### PROBLEM
Find the line below with "Насос охолоджуючої рідини" and the line with "Внедорожник Changan UNI-K". Output them and the lines between, exactly, but not the pictures.

### DATA FOR THIS TASK
┌──

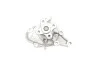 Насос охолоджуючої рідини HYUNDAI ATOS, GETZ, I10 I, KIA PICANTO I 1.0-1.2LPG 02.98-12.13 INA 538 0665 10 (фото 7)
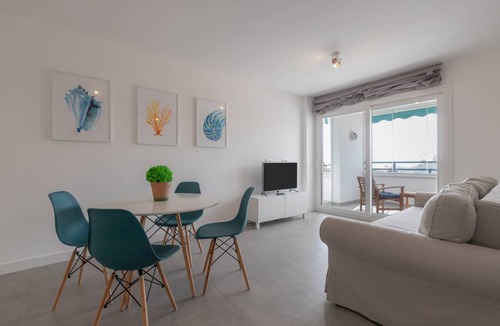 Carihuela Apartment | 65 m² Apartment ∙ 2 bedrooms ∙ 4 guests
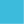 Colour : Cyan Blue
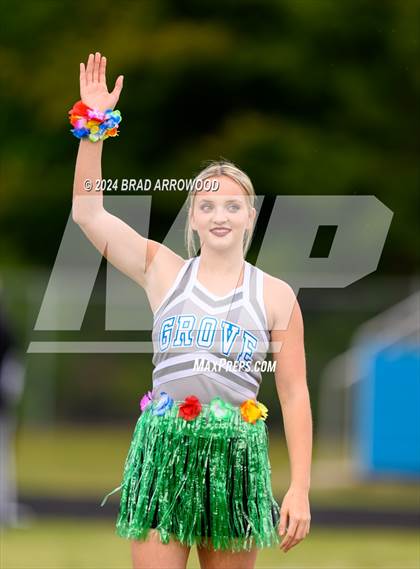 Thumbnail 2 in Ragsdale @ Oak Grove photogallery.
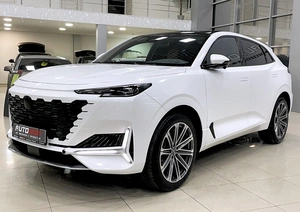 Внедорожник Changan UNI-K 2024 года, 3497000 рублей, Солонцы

└──
┌──

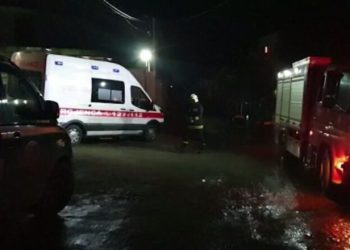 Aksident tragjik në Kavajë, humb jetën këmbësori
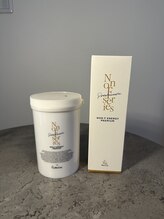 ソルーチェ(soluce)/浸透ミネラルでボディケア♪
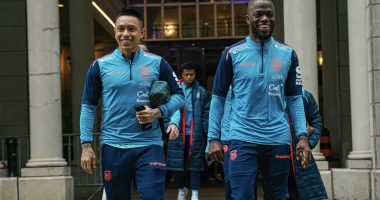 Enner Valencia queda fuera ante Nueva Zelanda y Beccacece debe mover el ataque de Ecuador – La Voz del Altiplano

└──

### TASK ANSWER
 Насос охолоджуючої рідини HYUNDAI ATOS, GETZ, I10 I, KIA PICANTO I 1.0-1.2LPG 02.98-12.13 INA 538 0665 10 (фото 7)
 Carihuela Apartment | 65 m² Apartment ∙ 2 bedrooms ∙ 4 guests
 Colour : Cyan Blue
 Thumbnail 2 in Ragsdale @ Oak Grove photogallery.
 Внедорожник Changan UNI-K 2024 года, 3497000 рублей, Солонцы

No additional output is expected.